Table 6 An instance of the user managements system

4.2 OpenStack-based implementation

For our OpenStack-based CP (Figure 4), we leveraged the functionality of the OpenStack component Swift, which is used for building object storage systems. A Swift-based object storage system is composed of two networks: the internal (private) network that consists of storage nodes, and the external (public) network that consists of a proxy server and (optionally) an authentication server. The proxy server accepts HTTP(S) requests and processes them using a Web Server Gateway Interface. The parameters used in each request are encoded in HTTP headers. Each request is pipelined through a number of add-ons, each of which may transform it, forward it, or respond on behalf of the system to the user.

Figure 4
figure 4

OpenStack-based implementation.

Objects stored in a Swift-based system are organized in a three level hierarchy. The topmost level of this hierarchy is the accounts level, followed by the containers level (second level) and the objects level (third level). The accounts level contains user accounts. Each user account is associated with many containers from the containers level. A container is used for organizing objects, therefore a container is associated with many objects from the objects level. An object may be a file or a folder (that contains other objects). Every object within a container is identified by a container-unique name. Each request for an operation over an object contains a URI that denotes the account, the container and the name of the object in question, i.e., it is of the form “https://CPHostName/accountname/containername/objectname”.
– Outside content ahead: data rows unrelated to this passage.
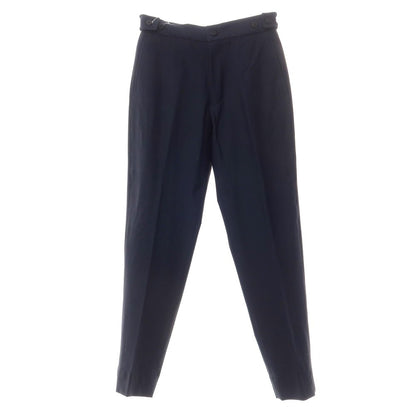 [New] LBM1911 Stretch Nylon Casual Slacks Pants
 Navy [Size 44] [NVY] [S/S] [Condition Rank N] [Men&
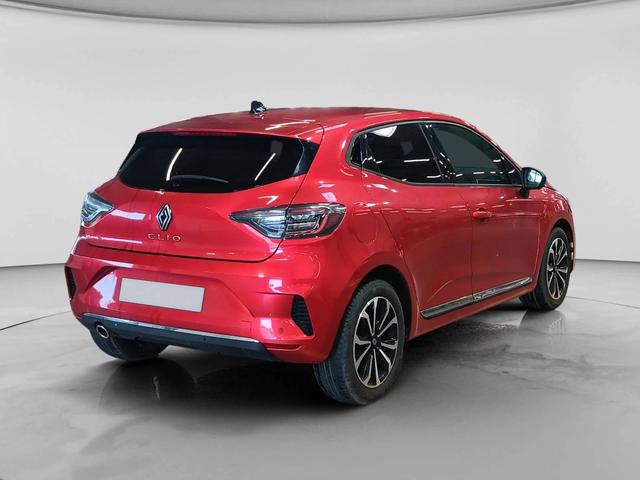 Renault Clio Techno 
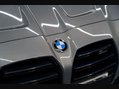 BMW M3 3.0 BiTurbo Competition Saloon 4dr Petrol Steptronic Euro 6 (s/s) (510 ps) 25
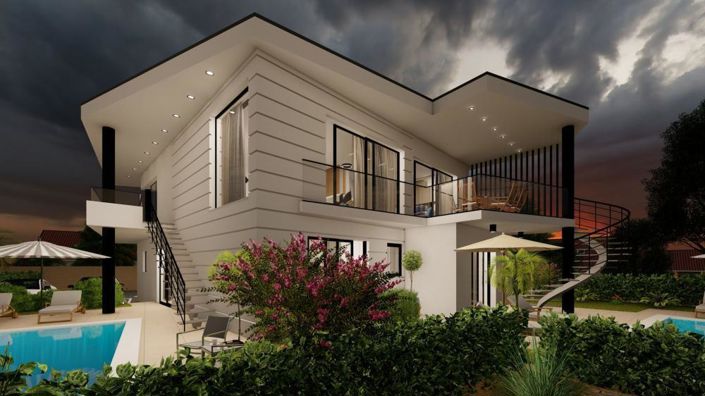 Image No.17-3 Bed Property for sale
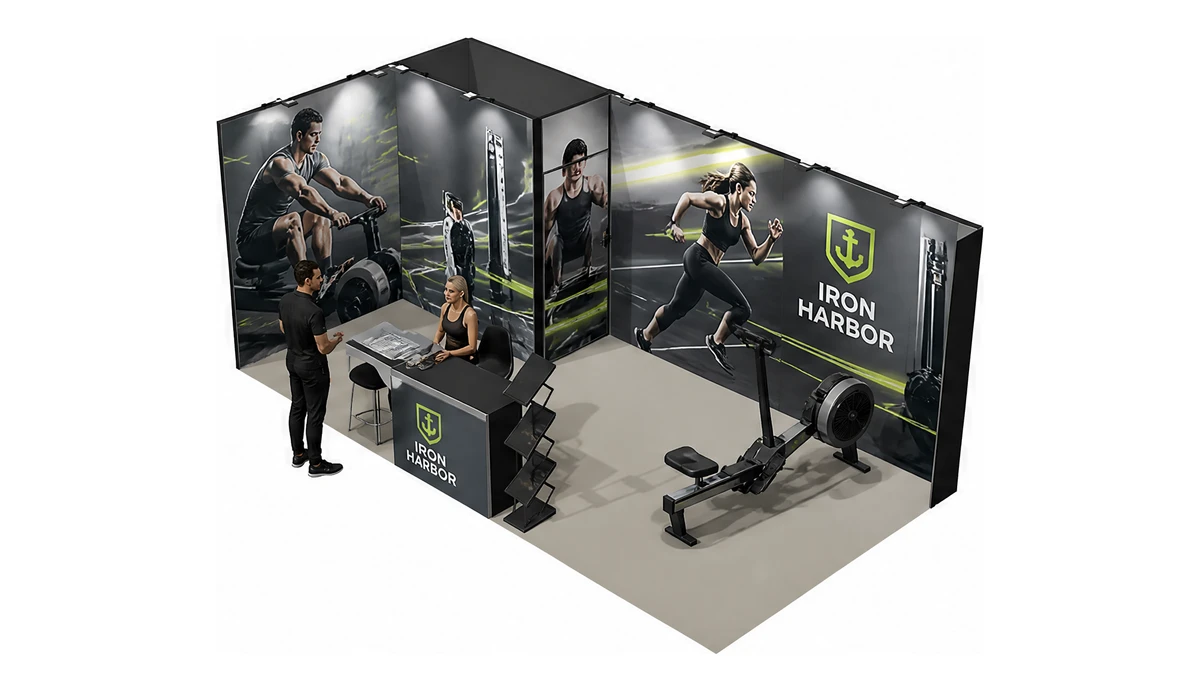 Fitness i siłownie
We implemented our system as a Swift add-on added in the pipeline of the add-ons that process incoming requests. This add-on replaces Keystone; the default OpenStack component that handles user authentication. Our implementation allows file storage and retrieval, as well as the following operations over the stored files: organizing files in containers, listing the files of a container, copying a file, moving a file and deleting a file. Token and Access Tables are implemented as SQLite tables. An owner hard codes in the Access Table records of the form: [path, U R I ap ,level, P u b ACP ]. A path may be account-wide, container-wide, or object-wide.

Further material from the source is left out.